The determination unit 111, upon determining that both the earphone 2R and left earphone 2L are not worn by the user, acquires a wearing determination result indicating whether the earphones are worn in the user's ears or not. The communication unit 113 outputs the wearing determination result and information instructing the invalidation of the authentication status (authentication cancellation instruction information) to the left earphone 2L using the communication IF 105. The communication unit 223L acquires the wearing state determination result and the de-authentication instruction information using the communication IF 207L and outputs them to the right earphone 2R. The communication unit 223R uses the communication IF 207R to acquire the de-authentication instruction information. The communication unit 223L and the communication unit 223R advance the processing to Step S207.

In Step S206, if the determination unit 111 determines that only one of the earphone 2R and the left earphone 2L is not worn by the user, the processing proceeds to Step S204.

In Step S207, the authentication unit 222R and the authentication unit 222L disable the authentication of the user H in the right earphone 2R and left earphone 2L, respectively. The communication unit 113 ends the processing.

As described above, the authentication management device according to the first example embodiment of the present disclosure is provided with an authentication result acquisition means (communication unit 113) that acquires an authentication result of authenticating a user by otoacoustic authentication in an earphone (for example, the right earphone 2R and the left earphone 2L); a storage means (for example, the storage unit 112) that stores the authentication result; a determination result acquisition means (for example, the determination unit 111) that, after the authentication result is acquired, acquires a wearing determination result indicating whether the earphone is worn in an ear of the user on the basis of a detection result of a proximity sensor; and a control means (for example, the storage unit 112) that updates the authentication result stored in the storage means when the wearing determination result indicates that the earphone is not worn in the ear.

The authentication means is an authentication means in otoacoustic authentication that sends out a test sound in the direction of the ear canal of one or the other ear, and authenticates the user on the basis of the sound reflected in response to the test sound.

This allows fast control of the user authentication state based on the wearing state of the earphones.
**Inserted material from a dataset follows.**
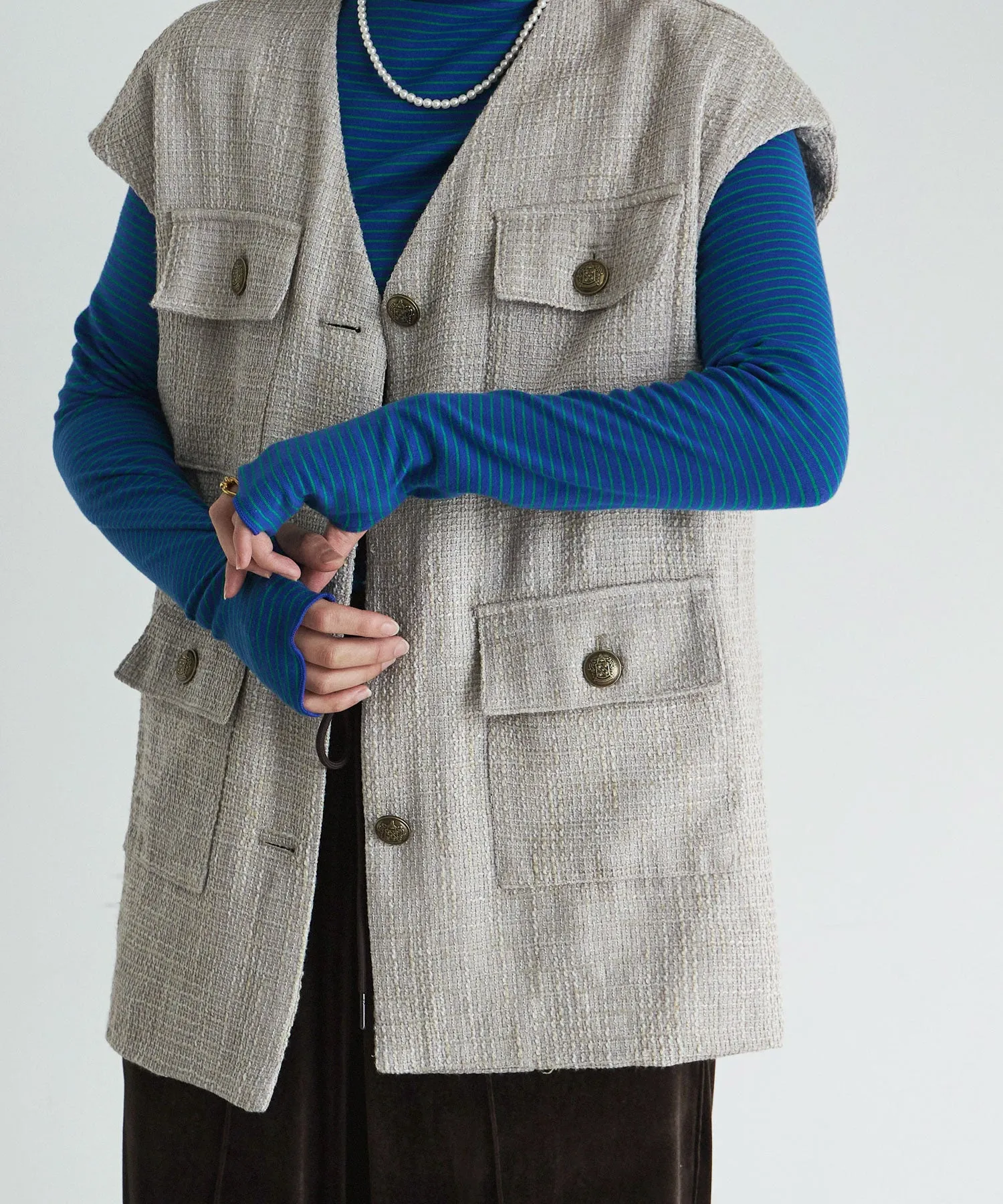 Tweed sleeveless jacket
The authentication unit 222R may directly output the right earphone wearing state information and the right ear authentication result to the information communication device 1. The communication IF 105 may directly output the wearing state confirmation instruction information, authentication execution instruction information, and authentication cancellation instruction information to the right earphone 2R.

The communication unit 113 of the information communication device 1 (e.g., smartphone) may also acquire from another device a request seeking authentication of the user H (authentication request) in the other device. In this case, the communication unit 113 may read the right ear authentication result and left ear authentication result from the storage unit 112 and output them to the other device. If both the right ear authentication result and left ear authentication result indicate that the authentication was successful, or if either the right ear authentication result or left ear authentication result indicate that the authentication was successful, the other device may authenticate the user.

Here, the other device may be, for example, building access control equipment or an authentication device installed at airport baggage checkpoint gates, immigration gates, and the like. The authentication request from the other device may be obtained directly by the earphone 2 by means of the communication unit 223, without going through the information communication device 1.

As a result, if the user H is authenticated by the information communication device 1, other devices can authenticate the user H without further authentication processing, thus enabling secure and smooth user access control or authentication by other devices.

In the above, when the communication unit 113 acquires a required security level in addition to authentication requests from other devices, the storage unit 112 may store the authentication history of the user H for a predetermined period in the information communication device 1 described in steps S201 to S207. The authentication history indicates the history of successful authentication of the user H and the history of de-authentication of the user H in the information communication device 1. If the required security level is high and the authentication history indicates that user H has been successfully authenticated less than a predetermined number of times within a predetermined period of time, the communication unit 113 may output a request to the left earphone 2L to perform otoacoustic authentication (otoacoustic authentication request).

The communication unit 223L receives the otoacoustic authentication request. The communication unit 223L may output the otoacoustic authentication request to right earphone 2R, and the communication unit 223R may receive the otoacoustic authentication request. Steps S201 through S203 are then executed. The communication unit 113 outputs the right ear authentication result and left ear authentication result to the other device before proceeding to step S204 or Step S201. If the authentication is indicated as successful in both the right ear authentication result and left ear authentication result, or if the authentication is indicated as successful in either the right ear authentication result or left ear authentication result, the other device may authenticate user H.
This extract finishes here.